A similar consideration applies to Mole's case against the claim that attention is necessary for consciousness. At one point, he quotes William James for the case in which we have some weak conscious states but have absolutely no attention at all (156-7). However, it is not clear how Mole and James can show that there is absolutely no attention. To be sure, the subject does not actively pay attention, as in the previous case that the subject does not actively pay attention to visual search. But it is far from clear that there is no attention at all. To insist there is none, as Mole does, is to rely on folk judgments concerning attention. But if that is so, this would be another point where psychologists cannot accept, and with good reasons.
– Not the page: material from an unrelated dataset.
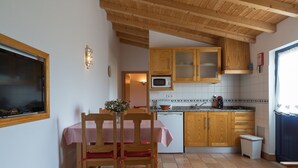 Eine kleine Küche mit Holzausstattung, einer Mikrowelle und einem Essbereich mit kariertem Tischlein.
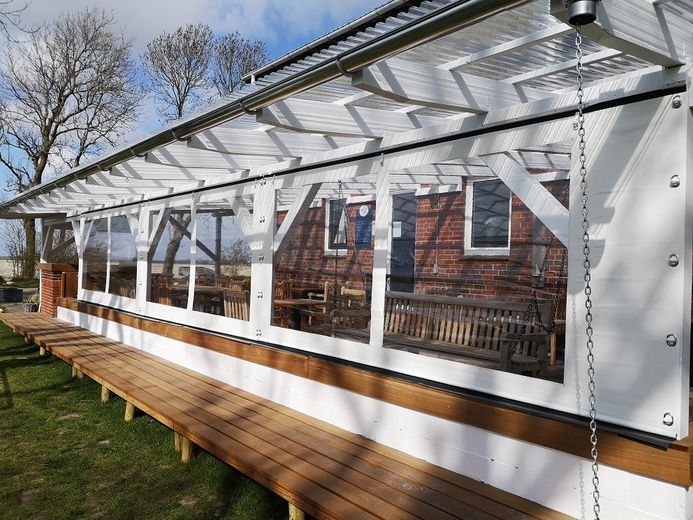 Traumhafter Resthof in absoluter Alleinlage direkt hinterm Eiderdeich mit eigenem Leuchtturm! – Wintergarten / Terrasse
Overall, Attention is Cognitive Unison is a substantial and significant work on attention and related issues. The style is clear, though sometimes with some repetitions. Even though I suspect it will not attract psychologists' attention for reasons stated above, philosophers of mind will and should take it very seriously. It will be good if in follow-up works Mole and others can try to write in a more user-friendly style for psychologists, but even without it, this particular work is both philosophically and scientifically valuable, and to this extent it can be regarded as a paradigm for philosophers of mind.
© 2011 Tony H. Y. Cheng
Tony H. Y. Cheng is a graduate student at CUNY Graduate Center. He is currently writing a thesis on attention and visual phenomenology. More general projects include perception, self-awareness, and various topics in philosophy of mind and psychology.